Jeremiah Lowin

CEO

Prefect Product

Our Second-Generation Workflow Engine

October 04, 2021

Jeremiah Lowin

CEO

Today we’re introducing Prefect Orion, our second-generation workflow engine. Orion is the result of nearly two years of research, design, debate, and exploration into the challenges of negative engineering. With a focus on dynamism, developer experience, and observability, it is a strong break with the legacy approach to workflow management. Orion's mission is simple: you should love your workflows again.

Orion is the API that will power the future of Prefect, and its alpha is available today as an open-source technical preview. We expect to release Orion in early 2022 as Prefect 2.0. For more on Orion's release schedule, please visit our FAQ.

What makes Orion special is its core: the modern data stack’s first dedicated orchestration engine. Even its name - ORchestratION - is a nod to this critical role. As an orchestrator, Orion is a governing rules engine and source of truth for code transitioning through a variety of canonical states, such as SCHEDULED, RUNNING, and COMPLETED. As an arbiter of state, Orion’s job is to help dependent code run to completion or, in the case of unexpected failure, intervene to ensure that appropriate steps are taken. It does so through another Prefect innovation: a dedicated orchestration API. A few years ago, our patented Hybrid Execution Model enabled the first-ever separation of workflow code from workflow metadata; the Orion API takes that idea to the next level by separating the orchestration engine from the code being orchestrated.

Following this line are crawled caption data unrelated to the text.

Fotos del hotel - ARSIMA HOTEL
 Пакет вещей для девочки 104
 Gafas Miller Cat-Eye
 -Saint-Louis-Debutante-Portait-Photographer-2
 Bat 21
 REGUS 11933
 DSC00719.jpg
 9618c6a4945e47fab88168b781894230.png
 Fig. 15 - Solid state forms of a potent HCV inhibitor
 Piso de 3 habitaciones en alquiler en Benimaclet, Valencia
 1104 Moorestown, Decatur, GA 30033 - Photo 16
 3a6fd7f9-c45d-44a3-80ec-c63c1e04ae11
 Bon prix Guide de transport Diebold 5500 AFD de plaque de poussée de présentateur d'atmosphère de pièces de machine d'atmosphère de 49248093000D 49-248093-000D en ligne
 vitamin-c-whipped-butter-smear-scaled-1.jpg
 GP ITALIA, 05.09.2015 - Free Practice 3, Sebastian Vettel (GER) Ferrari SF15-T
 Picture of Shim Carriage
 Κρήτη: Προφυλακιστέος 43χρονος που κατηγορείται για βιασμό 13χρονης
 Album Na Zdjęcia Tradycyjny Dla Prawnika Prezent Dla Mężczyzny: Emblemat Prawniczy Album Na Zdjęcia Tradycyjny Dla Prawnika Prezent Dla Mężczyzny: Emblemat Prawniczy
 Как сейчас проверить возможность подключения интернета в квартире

The opportunities created by a remote orchestration API are boundless. By starting with a strongly-defined model for tracking the state of executing code, we were free to reinvent how developers interact with orchestration to solve many of the common frustrations with legacy workflow management systems. The most obvious consequence of moving the engine behind an API is that Orion becomes language-agnostic: any client in any language will be able to request orchestration, and Orion will deliver it in a well-structured way. Once registered with the API, the client is free to execute code however it prefers: a Python client could checkpoint data running through a complex machine learning pipeline, an R client could validate dataframes, a JavaScript client could retry critical user actions; a Kubernetes client could report an infinite stream of health checks — possibly all in the same workflow!

Over the last decade, there has been a misleading push toward “workflows as code.” While this is certainly an improvement over defining workflows in, say, XML, it still requires developers to completely rewrite their code to match their orchestrator’s expected data structures or vocabulary. In fact, one of the things that originally made Prefect so popular was that our functional Python API did much of that translation automatically, minimizing developer burden. Orion inverts this approach and embraces “code as workflows,” acknowledging that whenever an engineer writes code, that code is already the best possible expression of their workflow objectives. Any subsequent modification or translation is a cost borne by the engineer to gain orchestration features, and increases the risk of unexpected failures caused by not fully understanding the orchestrator's abstractions or inner workings. By removing as much of that translation layer as possible, we eliminate a major source of negative engineering frustration.

This motivates another key innovation in Orion’s approach: it can be adopted incrementally and additively, without modifying existing code. You don’t need to rewrite your entire workflow as a DAG to take advantage of Orion; you can pick and choose only the individual pieces of it that you want to be registered with the orchestration API. For example, maybe there’s just one flaky function that you want Orion to retry on failure; or maybe you want to use Orion only for caching the output of particularly expensive calls; or maybe you want Orion to schedule your script, but not to orchestrate it; or maybe you just want to share the history of your runs in the Orion dashboard. The more you adopt Orion, the more helpful it can be; but if only a piece of it is useful, then you’re never required to use more than that piece. We've taken this approach to such an extreme that you don't even have to be running an Orion server to benefit from persistent Orion orchestration.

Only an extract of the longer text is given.